Derya CansızMerih BelerGizem EğilmezerSemanur IşıkoğluZülal Mızrakİsmail ÜnalSelçuk PakerAhmet Ata AlturfanEbru Emekli Alturfan

Objective: Radiofrequency electromagnetic field (RF-EMF) exposure during the embryonic period can cause defects in the development of the fetus. The study’s aim is to evaluate the effects of RF-EMF on the lipid accumulation, oxidant-antioxidant system parameters, locomotor activities, and gene expressions of insulin and leptin as genes related to insulin resistance in fetal hyperglycemia-induced zebrafish embryos.

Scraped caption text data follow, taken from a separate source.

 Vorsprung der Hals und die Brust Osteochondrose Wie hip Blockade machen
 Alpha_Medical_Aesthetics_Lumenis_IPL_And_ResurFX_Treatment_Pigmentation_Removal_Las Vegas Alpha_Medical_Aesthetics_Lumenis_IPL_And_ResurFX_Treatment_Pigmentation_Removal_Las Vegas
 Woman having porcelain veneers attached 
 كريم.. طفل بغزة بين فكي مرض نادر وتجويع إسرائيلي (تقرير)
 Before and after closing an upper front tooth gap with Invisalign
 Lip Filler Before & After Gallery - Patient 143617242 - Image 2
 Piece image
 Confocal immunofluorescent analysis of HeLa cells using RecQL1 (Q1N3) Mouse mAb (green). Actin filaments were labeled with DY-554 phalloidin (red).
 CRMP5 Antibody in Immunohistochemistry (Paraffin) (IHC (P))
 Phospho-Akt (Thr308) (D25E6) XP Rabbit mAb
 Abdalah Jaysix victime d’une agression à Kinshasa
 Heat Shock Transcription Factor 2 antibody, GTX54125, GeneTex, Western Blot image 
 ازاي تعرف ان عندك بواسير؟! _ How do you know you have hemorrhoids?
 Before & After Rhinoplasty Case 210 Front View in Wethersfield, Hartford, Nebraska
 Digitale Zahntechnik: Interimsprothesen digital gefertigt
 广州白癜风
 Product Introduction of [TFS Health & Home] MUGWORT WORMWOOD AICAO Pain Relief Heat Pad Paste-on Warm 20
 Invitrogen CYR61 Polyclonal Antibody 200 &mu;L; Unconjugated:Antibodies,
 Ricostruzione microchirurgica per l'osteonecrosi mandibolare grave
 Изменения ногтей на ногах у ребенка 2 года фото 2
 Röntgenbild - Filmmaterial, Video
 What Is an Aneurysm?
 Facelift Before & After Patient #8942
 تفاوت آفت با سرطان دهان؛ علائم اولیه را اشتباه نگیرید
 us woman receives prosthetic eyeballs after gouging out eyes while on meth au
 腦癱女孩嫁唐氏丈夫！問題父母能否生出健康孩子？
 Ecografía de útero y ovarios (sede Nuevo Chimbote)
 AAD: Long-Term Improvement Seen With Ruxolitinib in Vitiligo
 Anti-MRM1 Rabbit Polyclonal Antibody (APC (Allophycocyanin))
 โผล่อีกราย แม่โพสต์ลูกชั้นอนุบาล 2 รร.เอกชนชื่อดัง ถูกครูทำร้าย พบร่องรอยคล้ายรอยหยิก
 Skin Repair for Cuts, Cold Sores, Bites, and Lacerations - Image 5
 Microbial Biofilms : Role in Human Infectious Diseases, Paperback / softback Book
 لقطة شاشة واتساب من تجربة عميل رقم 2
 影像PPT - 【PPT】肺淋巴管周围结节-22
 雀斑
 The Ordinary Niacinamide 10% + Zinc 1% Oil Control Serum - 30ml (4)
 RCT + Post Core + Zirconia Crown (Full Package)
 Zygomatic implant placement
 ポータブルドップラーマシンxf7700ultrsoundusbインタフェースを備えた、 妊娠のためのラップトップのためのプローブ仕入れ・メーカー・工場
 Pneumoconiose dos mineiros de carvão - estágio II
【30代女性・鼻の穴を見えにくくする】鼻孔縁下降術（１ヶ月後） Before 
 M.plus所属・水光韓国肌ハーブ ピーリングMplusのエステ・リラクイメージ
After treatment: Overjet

Materials and Methods: The study exposed zebrafish embryos to RF-EMF (60 min) and glucose (5%) every day until 96 hours post fertilization (hpf). The study measured lipid peroxidation (LPO), superoxide dismutase, nitric oxide (NO), glutathione S-transferase (GST), and glutathione (GSH) levels to observe the oxidative stress status. The study monitored the development of the zebrafish embryos under a microscope, performed a locomotor activity analysis, measured acetylcholinesterase activity, and conducted oil red O staining to determine lipid accumulation. The study used reverse transcription polymerase chain reactions (RT-PCRs) to determine the expressions of ins and lepa by using RT-PCR.

Results: Both the glucose and RF-EMF applications decreased locomotor activity and increased the LPO and NO levels as oxidative damage indicators. Applying RF-EMF alone increased GST and GSH levels, while applying RF-EMF and glucose showed a decrease in the antioxidant defense systems. ins expression increased in the glucose and RF-EMF groups, while lepa expression increased in the glucose group and decreased in the RF-EMF group.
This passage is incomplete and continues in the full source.